Read HTMLviewer contents

Mark_Jordan · August 9, 2022, 4:14pm

I want to be able to grab a web page, copy it’s contents to clipboard, and search for one item on that page (it’s from a music site that lists a song’s key). I can get the page up easy enough on an HTMLviewer but don’t know how to grab the text within.

Any help would be appreciated as it would allow me to get the key signatures of over 1000 songs.

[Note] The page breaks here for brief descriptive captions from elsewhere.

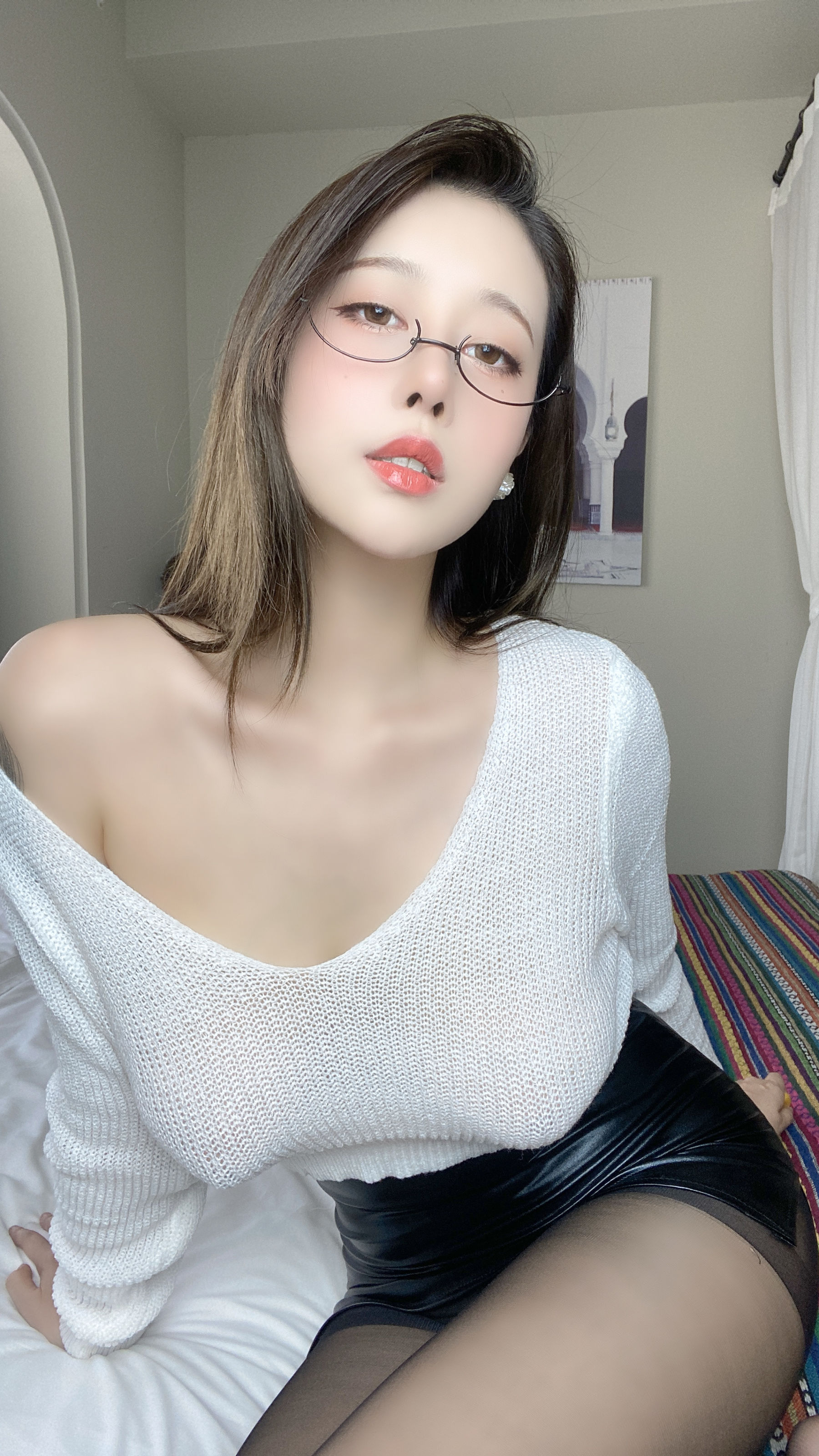 萌妹奈汐酱nice - 姐姐-图62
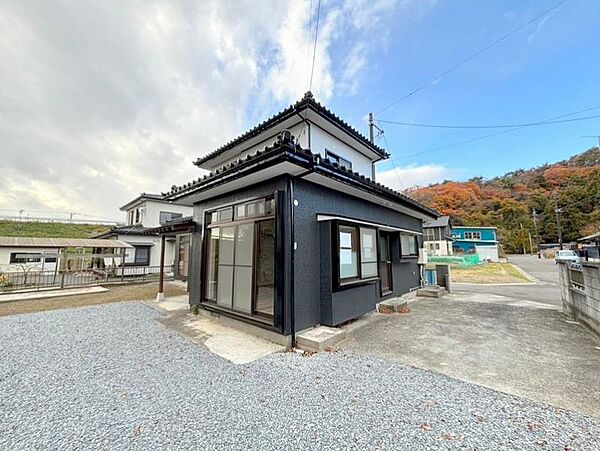 detached 宮城県東松島市新東名1丁目
地図を見る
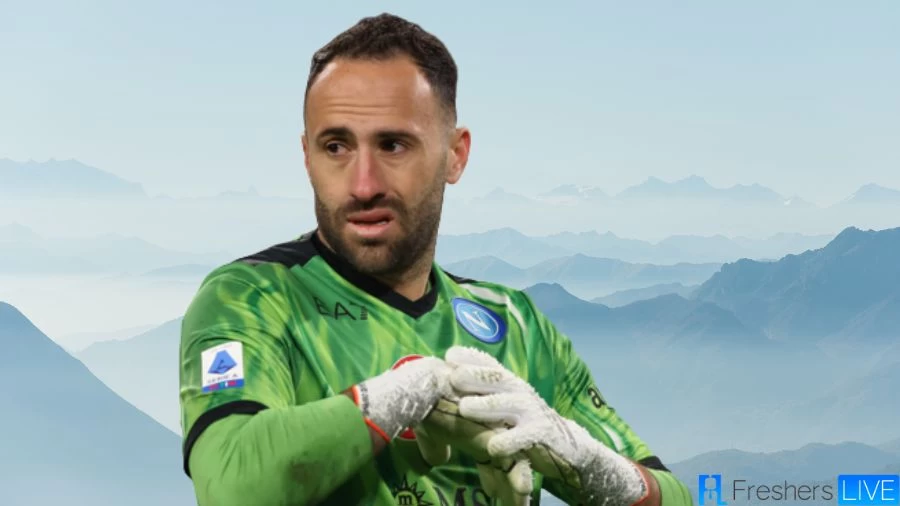 David Ospina Ethnicity, What is David Ospina’s Ethnicity?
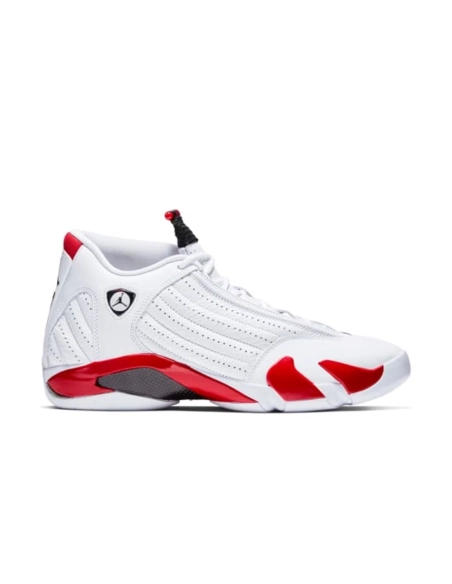 Air Jordan 14 Retro Candy Cane,AIR JORDAN 14,Air Jordan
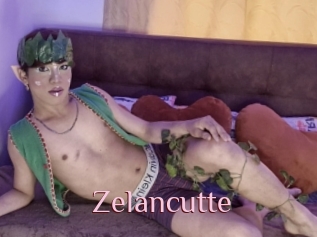 Zelancutte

Anthony_G_Cyphers · August 9, 2022, 4:19pm

Add this method to a module:

Public Function HTML(extends h as DesktopHTMLViewer) As String
  Return h.ExecuteJavaScriptSync( "document.documentElement.outerHTML;" )
End Function

Call as:

var result as String = HTMLViewer1.HTML

Mark_Jordan · August 9, 2022, 4:21pm

I’ll try it!

Anthony_G_Cyphers · August 9, 2022, 4:22pm

If you want the (more or less) plain-text content:

Public Function PlainText(extends h as DesktopHTMLViewer) As String
  Return h.ExecuteJavaScriptSync( "document.documentElement.textContent;" )
End Function

Anthony_G_Cyphers · August 9, 2022, 4:25pm

I do feel obligated to say that, instead of scraping from a web site which may be a violation of that site’s licensing or otherwise questionable, you should see if there is an API available that you can use to get the information you need. Maybe something like this?

Mark_Jordan · August 9, 2022, 4:31pm

Worked! But I first had to update the htmlviewer to Desktop version.

Thanks. As for the comment below that scraping a site may be a violation of licensing, etc., I hadn’t thought of that. I doubt highly it’s a problem since it’s a website of hymns I’m scouring but I’ll look into that.

Again, thanks. This is the type of thing an amateur programmer like me would never have figured out on my own.

Anthony_G_Cyphers · August 9, 2022, 4:32pm

Happy to help!